Turkey's beleaguered tourism is aiming at attracting over one million Chinese this year to fill vacancies left by a dwindling number of foreign arrivals mainly from Europe and Russia, tourism professionals said.
"Turkey should urgently expand its target market to China as the country is having one of its worst years in tourism," said Cetin Gurcun, secretary general of the Association of Turkish Travel Agencies (TURSAB).
Repeated terror attacks in Istanbul, Ankara and other Turkish cities amid a deteriorating security situation, coupled with poor relations with Russia, have brought down the number of foreign travelers and revenues to an extent being felt by all in the industry.
As a result, Turkish tourism, which contributes some 4.5 percent to the country's economy, is expected to lose more than 7.6 million tourists this year, while the loss in revenue is supposed to hit nine billion U.S. dollars, according to the latest projections by the Tourism Data Bank.
Meanwhile, approximately 100 million Chinese travel around the world each year, as a result of significant economic growth in the country during the past decade, TURSAB data show.
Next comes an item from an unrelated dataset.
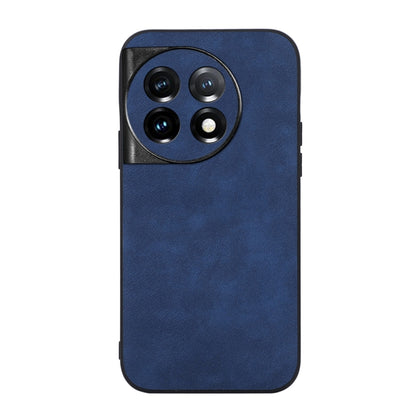 For OnePlus 11R/Ace 2 Morocco Texture PU Phone Case(Blue) - OnePlus Cases by buy2fix | Online Shopping UK | buy2fix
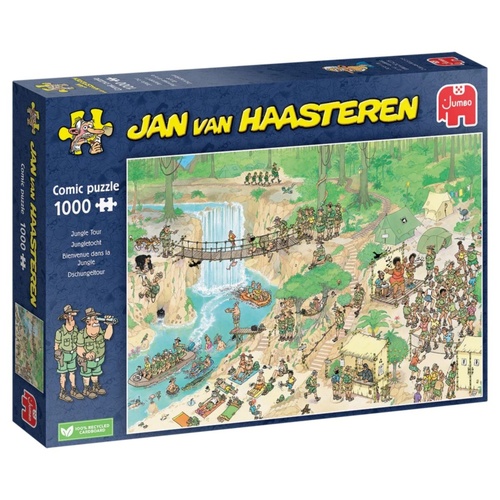 Jumbo Jan van Haasteren: Jungle Tour Jigsaw Puzzle 1000 Pieces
The number of Chinese visiting Turkey in 2015 was 314,000, according to TURSAB data.
Some Turkish hotels and touristic sites have modified their decorations to appeal to Chinese, amended their menus to suit Chinese' tastes, while many tour guides have started to learn Chinese.
ATU Duty Free, a travel retail company, has recently partnered with UnionPay, a payment system referred by Chinese tourists, who are listed among the top five foreign customers with highest ending rates per capita at Istanbul's Ataturk Airport.
The deal offers an exclusive 10 percent discount to Chinese tourists during 2016 in Istanbul, Ankara and Izmir airport stores.